An apply function (there are several, this one is mapply) takes a formula and applies it to several different values.
This can be a pre-existing formula or one you create yourself. We’re going to create a formula ourselves.
color <- function (a, b) { if (a >= 0) { b = "#0000FF" } else { b = "#ff8000" } }
Our function takes two arguments, a and b. A is the value – if it’s greater than or equal to 0, give colour #0000FF to b. If not, give it the other colour.
You’ve probably guessed that a will be our net figure and b the color:
LA_totals$color <- mapply(FUN = color, a = LA_totals$net, b = LA_totals$color)
Now we read the shapefile, merge our data with it and plot:
hex <- readOGR(".","GB_Hex_Cartogram_LAs") m <- merge(hex, LA_totals, by.x = "LAD12CD", by.y = "InLA") plot(m, col = m$color, lwd = 1, main = "Internal migration in England and Wales, year to June 2016", sub = "Blue = net gain\nOrange = net loss")
Here’s the result:
Playing around with hex cartograms in #rstats.
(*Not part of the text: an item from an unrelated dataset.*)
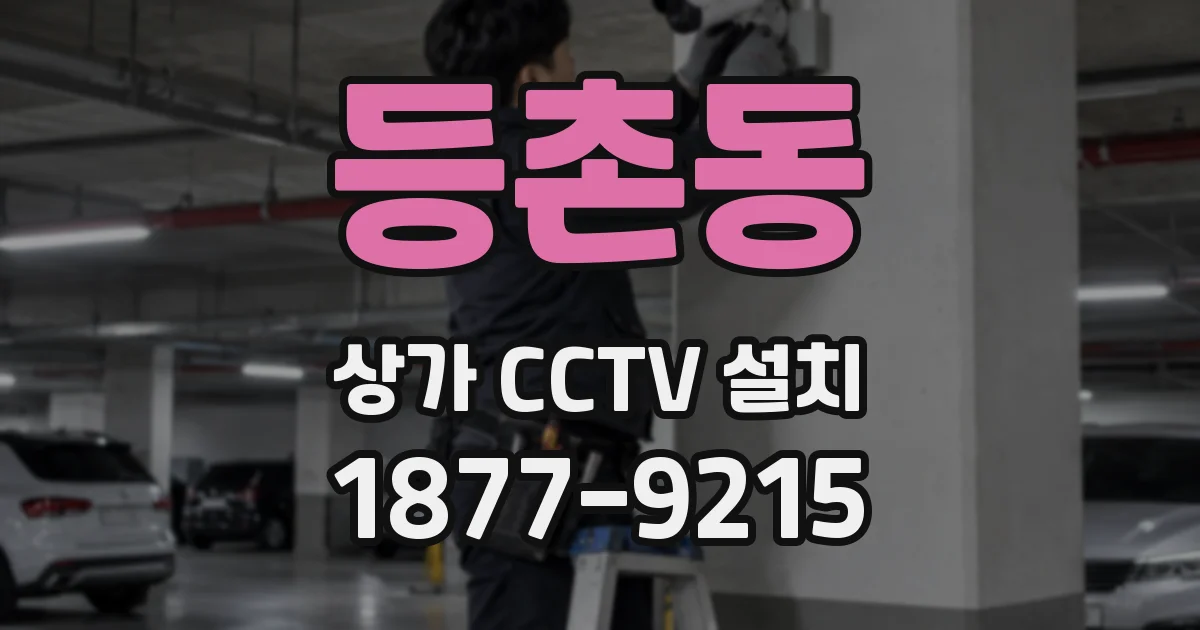 등촌동 상가 CCTV 설치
Internal migration 2015/16 – which areas gained people, which ones lost people: pic.twitter.com/EvSJhG79Jm
— Rob Grant (@robgrantuk) June 22, 2017
Analysis:
As the map subtitle shows, areas in blue had a net gain of people while orange had a net loss.
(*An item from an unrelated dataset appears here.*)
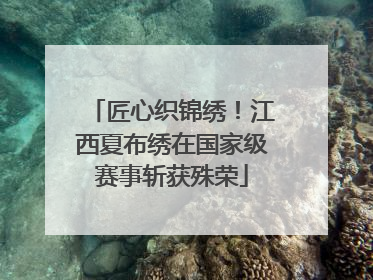 匠心织锦绣！江西夏布绣在国家级赛事斩获殊荣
We can see that people are leaving London and heading for the shires.
This is also happening in the West Midlands and the northern cities such as Manchester, Hull and Newcastle. The South West is very popular.
Final thoughts:
One downside of hexagonal maps is that you can’t tell from a flat map exactly where a hexagon corresponds to. You need a basic level of geographical knowledge to understand the map – but we can always annotate it to bring out any particular highlights.
But this is also true of maps in general, and even so it shows at a glance what’s going on across England and Wales in a way you just don’t get with Google Fusion tables.
You may be wondering why we bothered with all this R code when we could have just downloaded the spreadsheet and gone from there.
Well, stay tuned for parts two and three, where we go even deeper into the data. We’ll need R for that.
UPDATE:
The code earlier was missing a line about reading the OGR hex file. Thanks to Paul Bradshaw for pointing it out!